If you’ve run Ansible for any non-trivial length of time, you’ve hit the control-node problem. A laptop accumulates a ~/.ansible/collections/ tree, a venv with a dozen Python libraries pinned to whatever pip install gave you that afternoon, and a handful of distro packages (sshpass, git, sometimes kerberos headers) that you only remember are there when a teammate clones the repo and the same playbook fails for them. CI papers over part of that with a fresh container per job, but only as long as you keep the install steps in lock-step with what the laptops are running, which is where it usually falls apart.

Execution Environments are the answer the Ansible project converged on for that whole class of problem. An Execution Environment (EE) is a container image that bundles ansible-core, ansible-runner, your collections, your Python dependencies, and any system packages you need into a single artifact with a tag you can pin. ansible-builder is the tool that produces it from a declarative definition; ansible-navigator is what you run instead of ansible-playbook so the playbook executes inside that image. The same image is what AAP and AWX use natively, so the “works on my laptop” problem and the “works in dev but not in production” problem collapse into the same problem and get solved once.

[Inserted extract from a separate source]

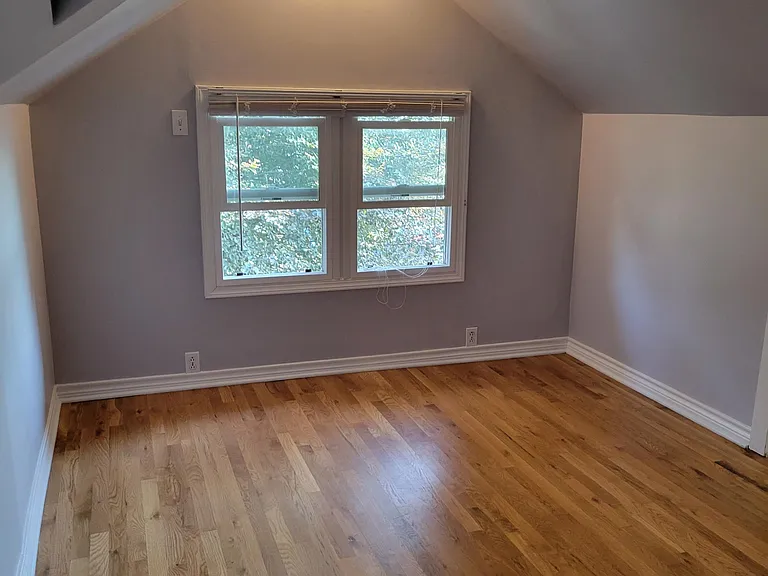 2805 NE 59th Ave — Photo 4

This article is the practical walkthrough I’d give a teammate who’s just been told “we’re moving to EEs”. What they are, why you’d want one, how the two tools fit together, and the gotchas that aren’t obvious from the docs.

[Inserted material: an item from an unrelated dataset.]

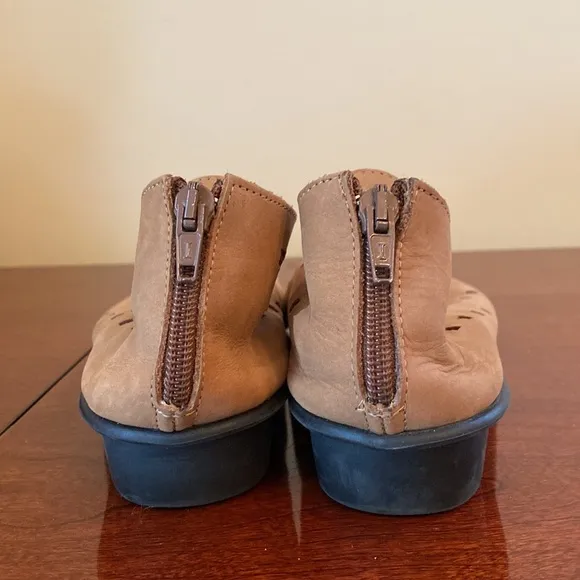 Sesto Meucci Evonne Camel Nubuck Leather Cut Out Open Toe Back Zip Flats Size 10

What an Execution Environment Actually Contains

Strip the marketing away and an EE is a fairly thin OCI image. Looking inside one of mine:

/usr/bin/ansible-playbook         # ansible-core CLI (rarely called directly in EE workflows)
/usr/bin/ansible-runner           # ansible-runner, the process supervisor
/usr/share/ansible/collections/   # collections installed at build time
/usr/lib/python3.11/site-packages # Python deps (requests, kubernetes, etc.)
/usr/bin/git, /usr/bin/sshpass    # system packages

That’s it. There’s no daemon, no Ansible “engine” beyond the standard tooling, and no special runtime. When ansible-navigator invokes the image, it bind-mounts your project directory and your inventory in, runs ansible-runner inside the container, streams stdout back, and exits. The image is the artifact; the tools around it are scaffolding.

The Python version is part of the contract too. If your collection only works on 3.11, the EE is where you lock that in, not a comment in the README that hopes everyone is paying attention.

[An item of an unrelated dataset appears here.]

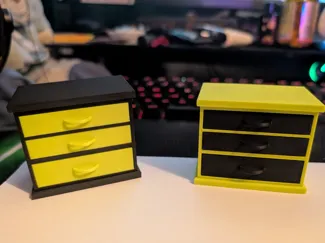 Chest of drawers - small scale 1:12 dollshouse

Two things follow from that:

• You own the image. Whatever your playbooks need (a specific kubernetes Python client version, the community.crypto collection at a specific tag, openssl for ad-hoc certificate generation in a play) gets baked in once and shipped as a unit.
• The image is the contract. Pin the image tag in CI, in AAP, and in your local ansible-navigator.yml and you’ve eliminated most of the version-drift surface area between environments.

Why Containerize Ansible at All

A reasonable objection: “I already use a venv and a requirements.txt, why go further?” A venv solves Python drift. It does nothing for system packages, and only partially solves collection drift. An EE is the first point where all three are versioned together. Three reasons that show up in practice.

Collections drag in Python. A modern Ansible playbook isn’t just YAML calling SSH. The kubernetes.core collection wants kubernetes, PyYAML, and openshift. The community.crypto collection wants cryptography at a version that does or doesn’t have a particular API. The containers.podman collection (covered in the Mastodon greeter article) wants requests. Multiply that across a real fleet’s worth of collections and “I’ll just pip install what I need” becomes a coordination problem. Bake it into an image and the coordination is a Git diff.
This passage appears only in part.